Nov. 11, 2013: A Vietnam veteran holds an American flag as he marches during the annual Veterans Day Parade in San Diego, Calif. (Reuters)

Higher than average death rates among Vietnam War veterans with post-traumatic stress disorder (PTSD) suggest that combat trauma may still be affecting veterans’ health even decades after the war, according to a new study.

U.S. veterans of the Vietnam War followed from the 1980s to 2011 were almost twice as likely to die during that period if they had PTSD compared to those without the disorder.

The findings can inform healthcare for Vietnam veterans, now mostly in their 60s and older, and prevention efforts for the next generation of soldiers, the study team writes in the American Journal of Epidemiology.

“The study offers really valuable empirical information that can help us better understand how to care for our Vietnam veterans . . . and also more recent veterans,” said study author Nida Corry, of Abt Associates in Durham, North Carolina.

PTSD can develop after a person has been through a traumatic event like combat, child abuse or sexual abuse, terrorism attacks and other disasters, according to the Department of Veterans Affairs. Symptoms can include flashbacks, avoiding reminders of the traumatic events, changes in beliefs and activities and being overly alert, according to the VA.

A study published earlier this year estimated that more than 1 in 10 Vietnam war zone veterans still have PTSD or some symptoms of the disorder (see Reuters Health story of July 22, 2015, here: http://reut.rs/1NsyrVe).

Previous studies have also suggested that Vietnam vets – especially those who served in the war zone – are at increased risk of death, and that the added risk may be related to PTSD. However, those studies were often limited, according to the authors of the current study.

For the current study, the researchers from Abt Associates, New York University in New York City and other organizations analyzed information collected from 1987 to 2011 on nearly 2,400 Vietnam veterans, including 1,632 who served in the combat theater, which included Vietnam, Laos and Cambodia.

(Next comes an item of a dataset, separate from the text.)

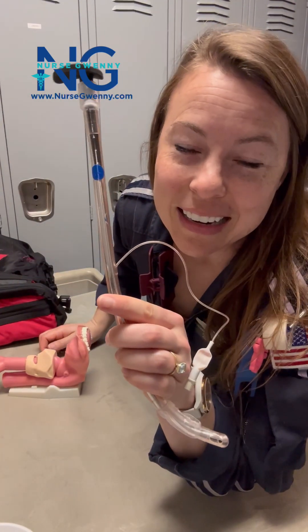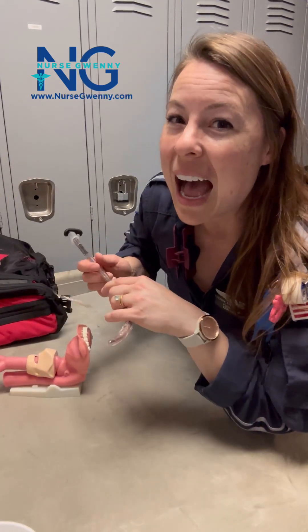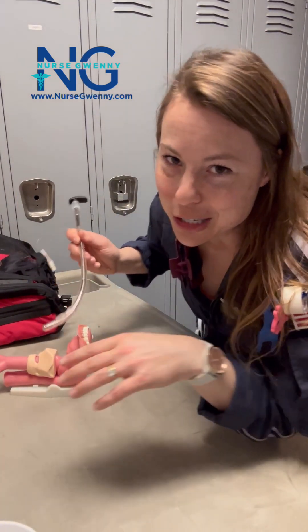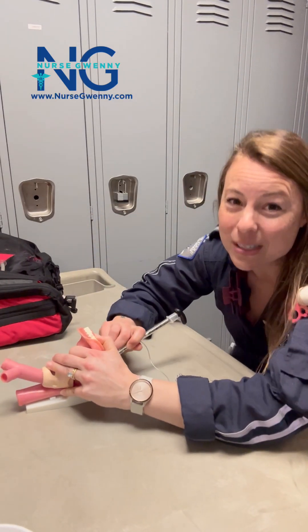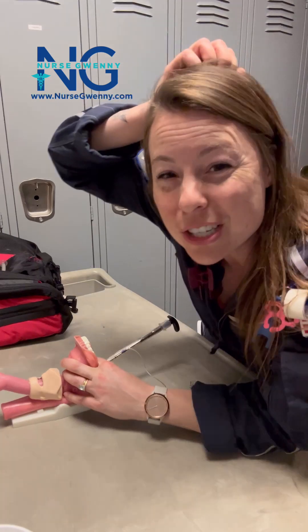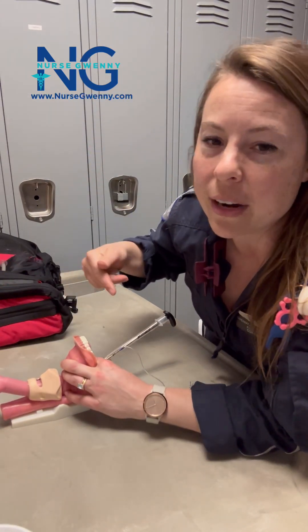A rigid stylet is a great tool to use when intubating your patient, especially if you're using a hyperangulated blade on your laryngoscope. I am much preferential to using a bougie, but if you're using the hyperangulated blade on your video laryngoscope, your bougie can't make the turn that you need with that hyperangulated blade.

Overall, about 9 percent of theater vets had PTSD at the time of the initial interviews in the 1980s, which was significantly higher than the 1 percent rate in vets who served outside the war zone.

About 16 percent of all Vietnam veterans who were alive in the 1980s are now dead, with most deaths due to cancer and heart disease, the authors estimate.

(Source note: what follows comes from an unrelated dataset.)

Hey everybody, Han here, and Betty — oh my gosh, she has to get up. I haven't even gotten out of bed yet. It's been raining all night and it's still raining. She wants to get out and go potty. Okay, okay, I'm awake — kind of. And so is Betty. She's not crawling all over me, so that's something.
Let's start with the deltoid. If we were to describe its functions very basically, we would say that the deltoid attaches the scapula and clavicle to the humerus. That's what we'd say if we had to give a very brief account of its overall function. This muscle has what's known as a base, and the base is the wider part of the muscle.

Male Vietnam War theater veterans who had PTSD were about 87 percent more likely to die between 1987 and 2011 than those without the condition – even after adjusting for demographic, social and economic factors.

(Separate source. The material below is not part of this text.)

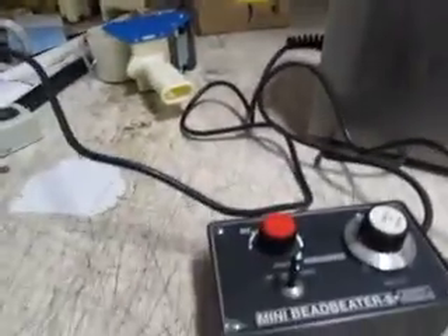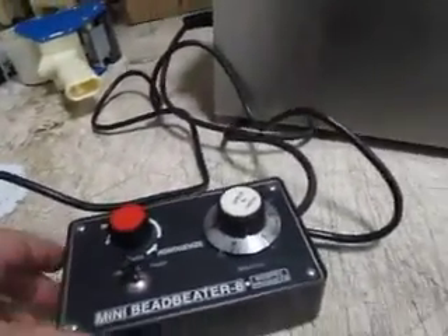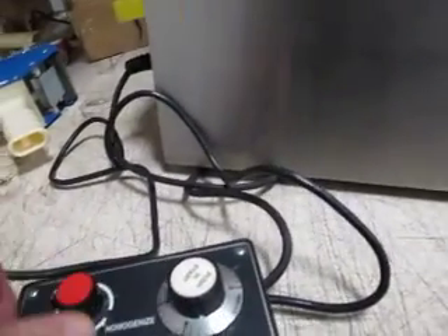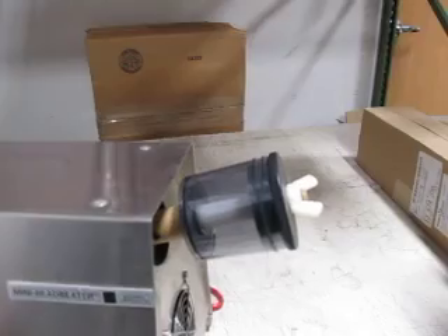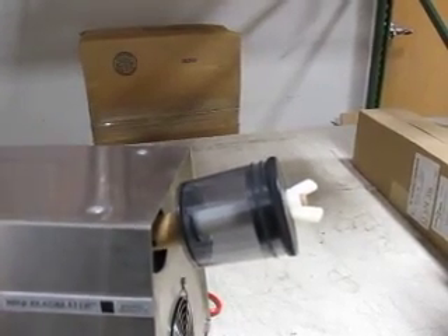It is fully functional. I'll turn it on — you can hear it at idle. And then you can see this is a real gradual control, but you can control the speed.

“What we found is that having PTSD was associated with a greater risk of death from cancer and external causes,” Corry said, such as traffic accidents, suicide, murder and other accidental injuries.

Male and female veterans who were exposed to high levels of stress in the war zone – but not necessarily diagnosed with PTSD – were also at increased risk of death during the study period, the researchers found.

The combination was even deadlier. Veterans with high levels of war zone stress exposure who developed PTSD were at the greatest risk of death, Corry said.

The study can’t explain why PTSD and war zone stress raise the risk of death, but the explanation is likely complex, said Alan Peterson, a PTSD researcher from The University of Texas Health Science Center at San Antonio.

For example, he said, PTSD may create a consistent level of stress in the body – like a false alarm for impending danger – that eventually affects different organ systems throughout the body.

“There is this physiological arousal that in theory affects all organ systems and that’s going to wear over time,” said Peterson, who was not involved in the new study.

The study authors point out that Vietnam vets still make up the majority of living veterans, so it’s important to keep studying the long-term mental and physical health effects of their wartime experiences and to understand how they might interact with the aging process.

Corry said findings like these – and other analyses of the same data – may provide an opportunity to provide better care for veterans through earlier screenings and treatments.

“This is sort of the best data we have to foreshadow those long term needs,” she said.